━━━━━ Exercise material ━━━━━
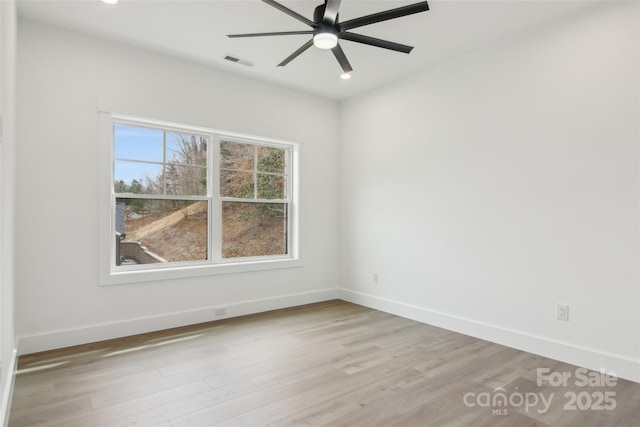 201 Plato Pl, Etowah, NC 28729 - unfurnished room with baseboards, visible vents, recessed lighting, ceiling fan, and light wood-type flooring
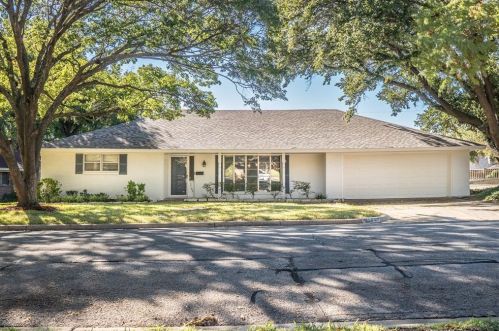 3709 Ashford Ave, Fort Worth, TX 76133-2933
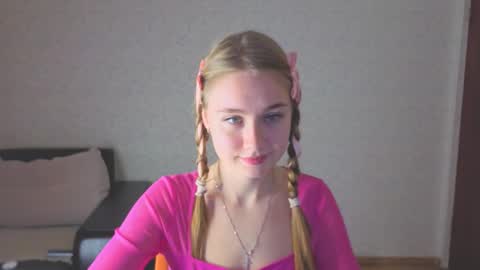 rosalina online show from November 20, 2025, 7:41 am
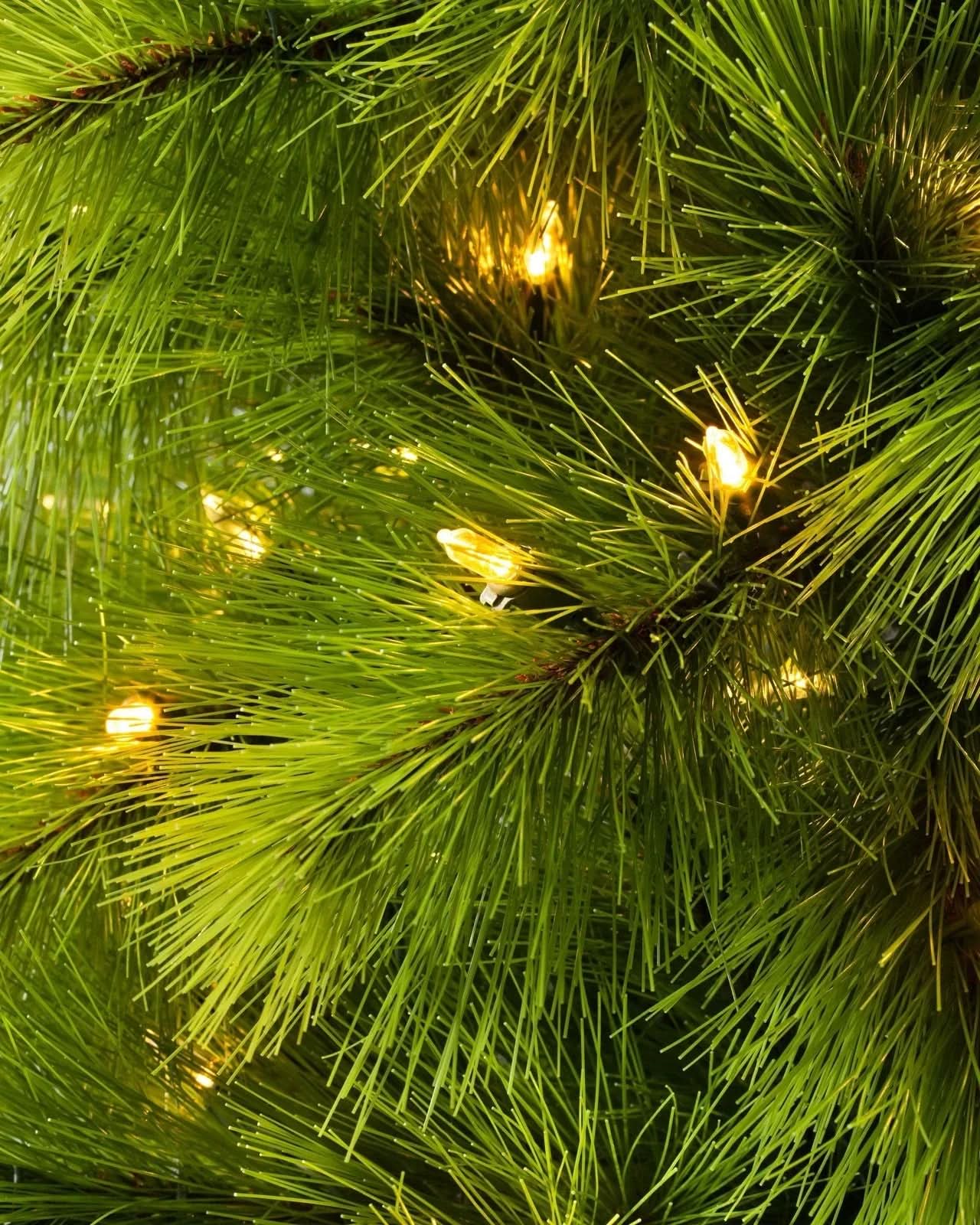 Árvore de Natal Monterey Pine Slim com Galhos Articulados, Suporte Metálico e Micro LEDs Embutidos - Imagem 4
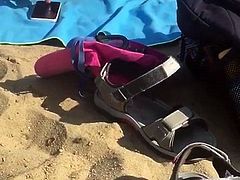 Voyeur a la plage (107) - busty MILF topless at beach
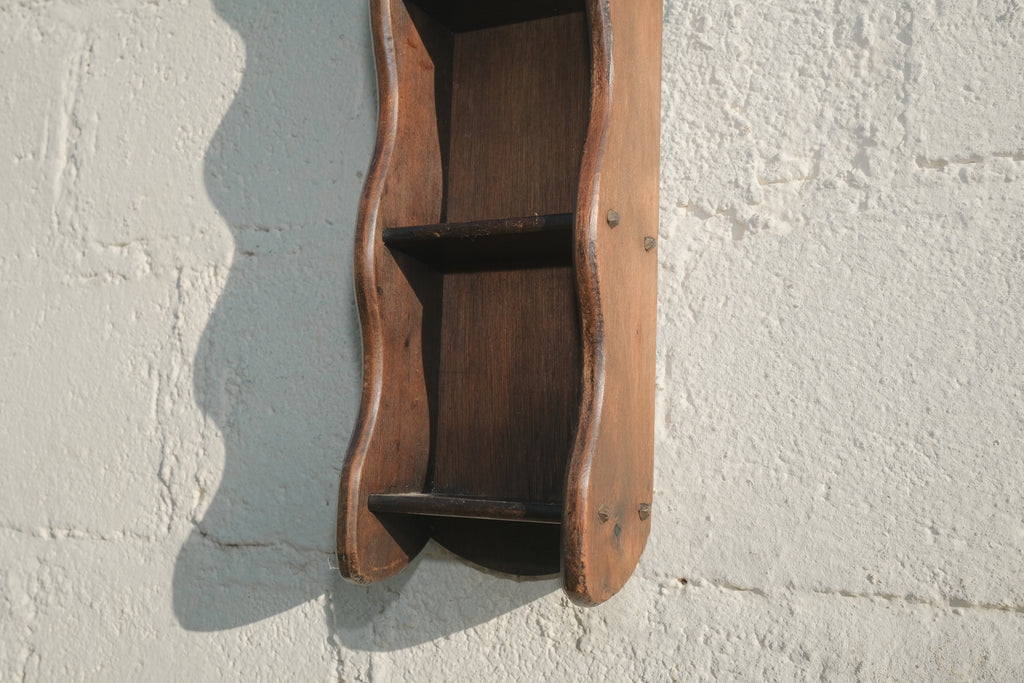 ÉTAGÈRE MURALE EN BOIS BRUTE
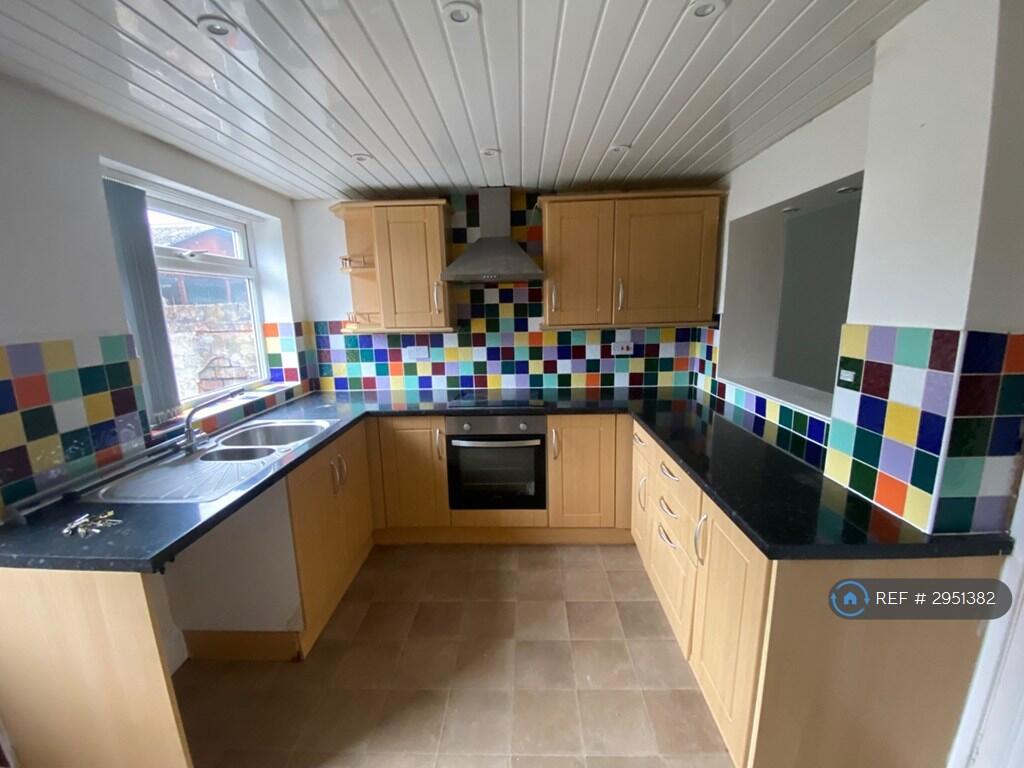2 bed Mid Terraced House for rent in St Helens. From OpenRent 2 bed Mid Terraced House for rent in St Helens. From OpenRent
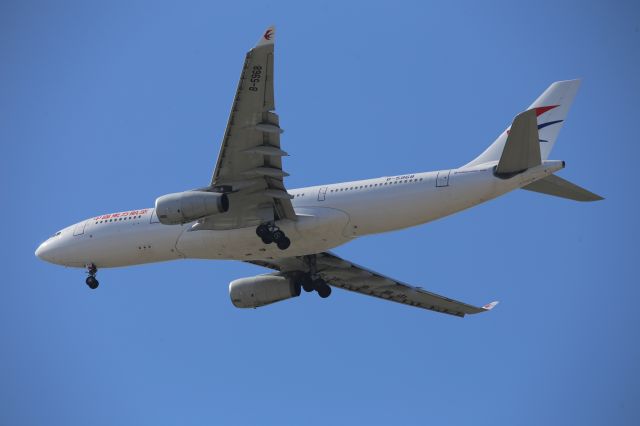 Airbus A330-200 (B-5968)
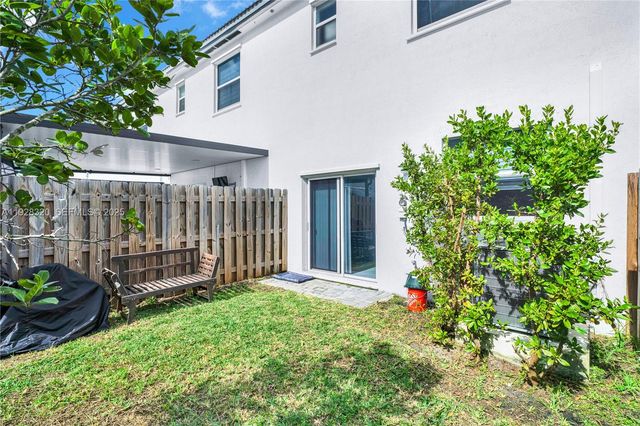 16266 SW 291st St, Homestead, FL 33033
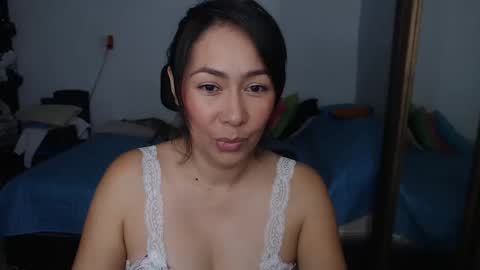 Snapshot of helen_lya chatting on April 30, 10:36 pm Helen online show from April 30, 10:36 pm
━━━━━
━━━━━ Exercise material ━━━━━
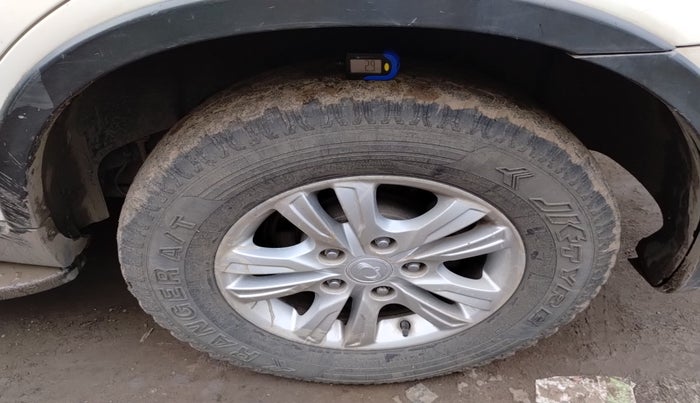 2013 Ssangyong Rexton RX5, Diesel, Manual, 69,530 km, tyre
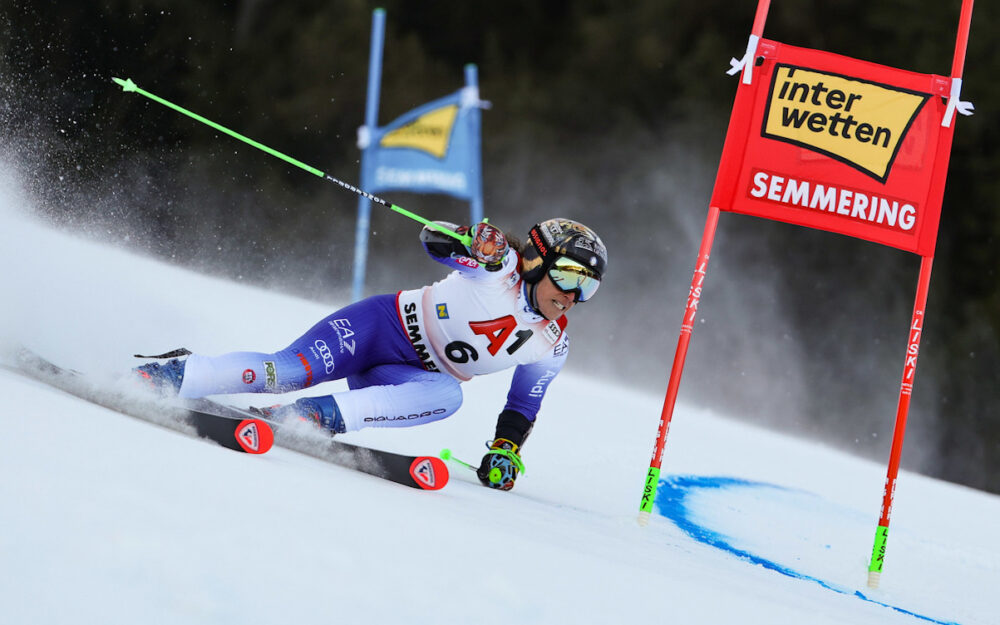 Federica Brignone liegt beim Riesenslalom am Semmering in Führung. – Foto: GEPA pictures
━━━━━
◆ **Exercise instructions**
Set the pictures aside and reproduce exactly the lines above, from the line holding "201 Plato Pl, Etowah, NC" through the line holding "rosalina online show", both included, with nothing else.

◆ **Expected answer**
 201 Plato Pl, Etowah, NC 28729 - unfurnished room with baseboards, visible vents, recessed lighting, ceiling fan, and light wood-type flooring
 3709 Ashford Ave, Fort Worth, TX 76133-2933
 rosalina online show from November 20, 2025, 7:41 am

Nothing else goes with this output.